■ **YOUR TASK**: Exact reproduction of the listing is required. Pictures are not reproduced.

■ **RECORDED DATA**:
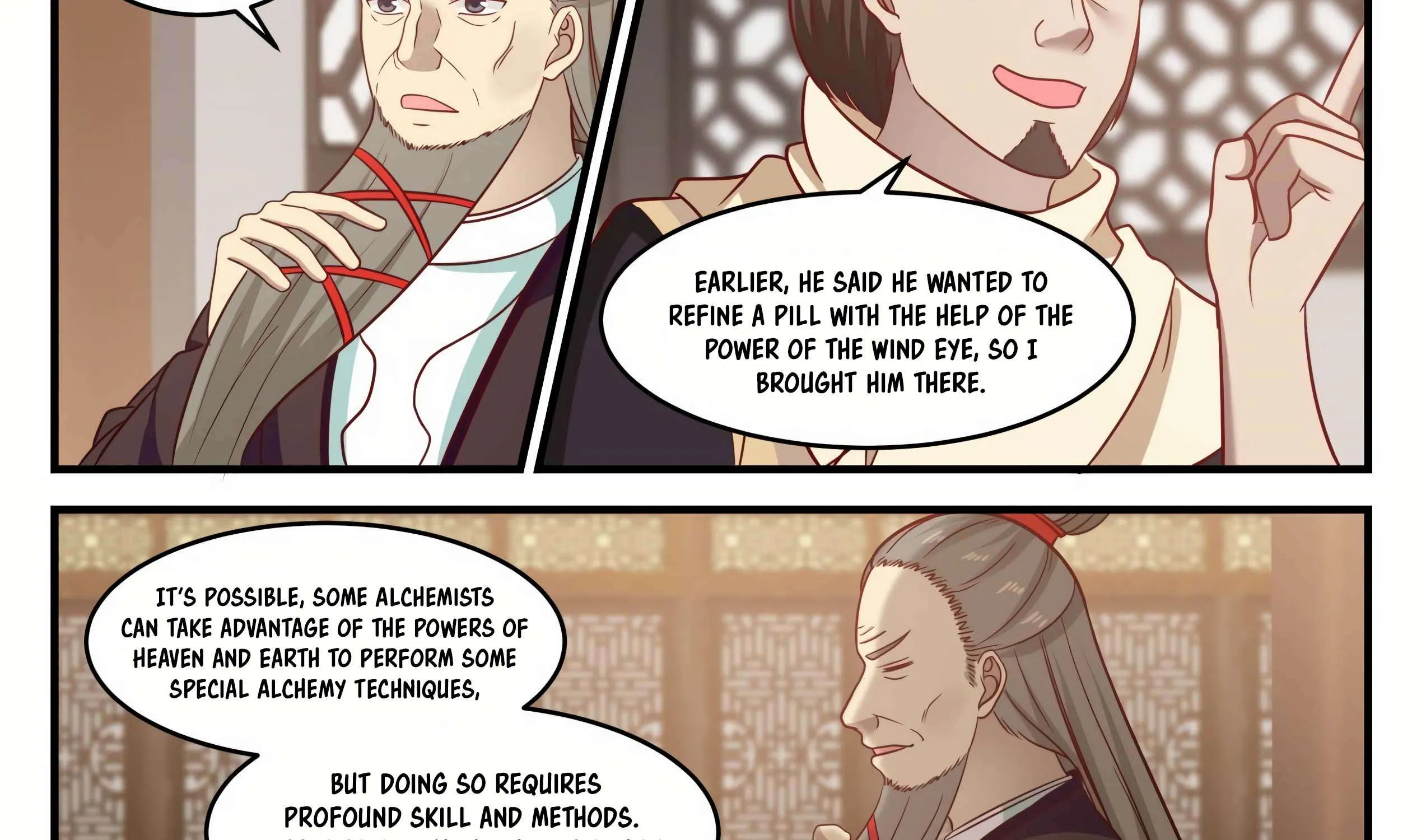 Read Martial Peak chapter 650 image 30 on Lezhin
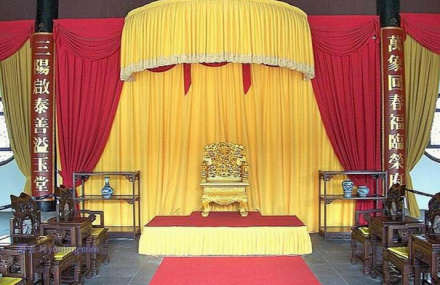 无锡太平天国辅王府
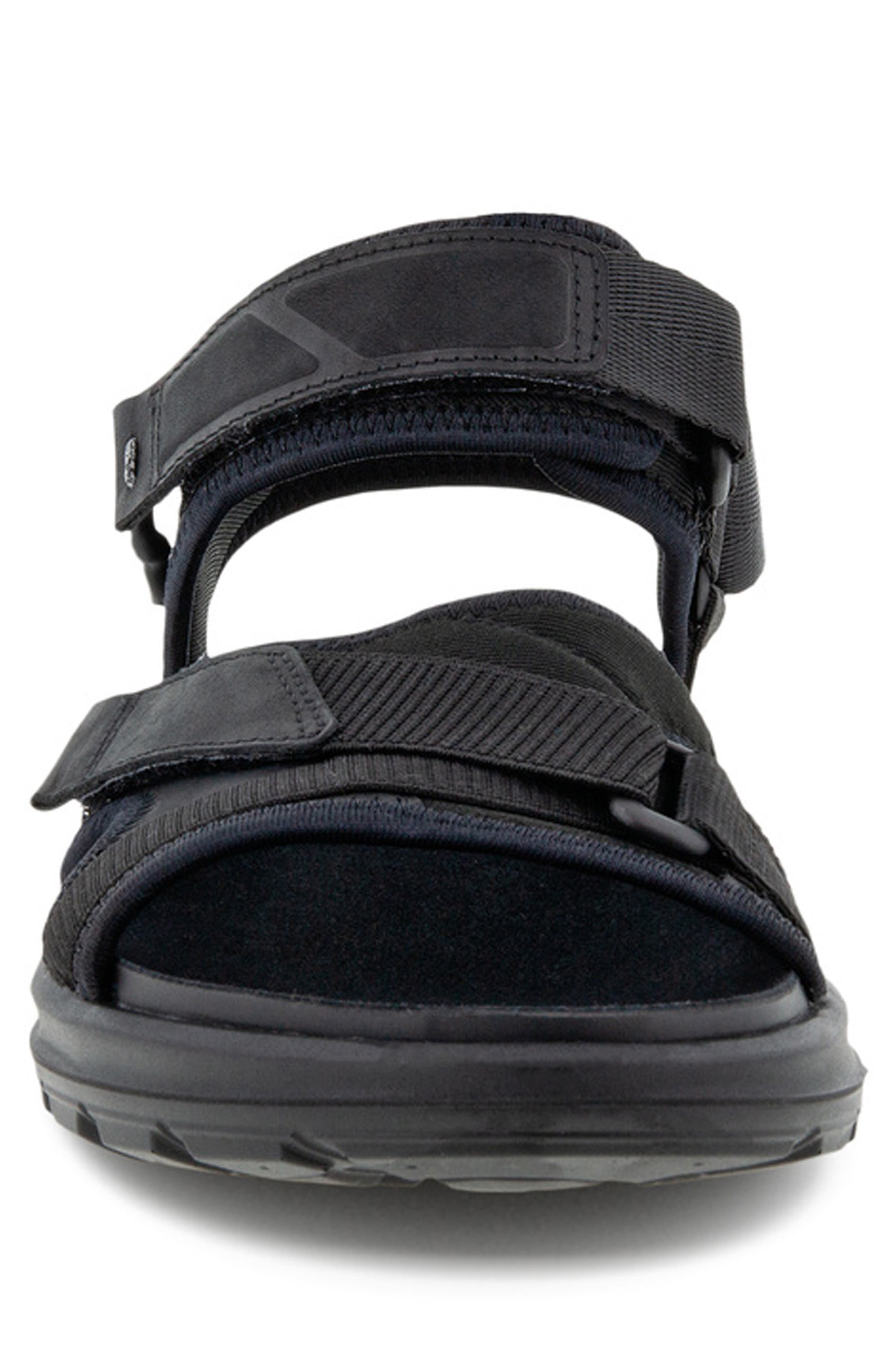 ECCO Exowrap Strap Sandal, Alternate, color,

■ **YOUR SOLUTION**:
 Read Martial Peak chapter 650 image 30 on Lezhin
 无锡太平天国辅王府
 ECCO Exowrap Strap Sandal, Alternate, color,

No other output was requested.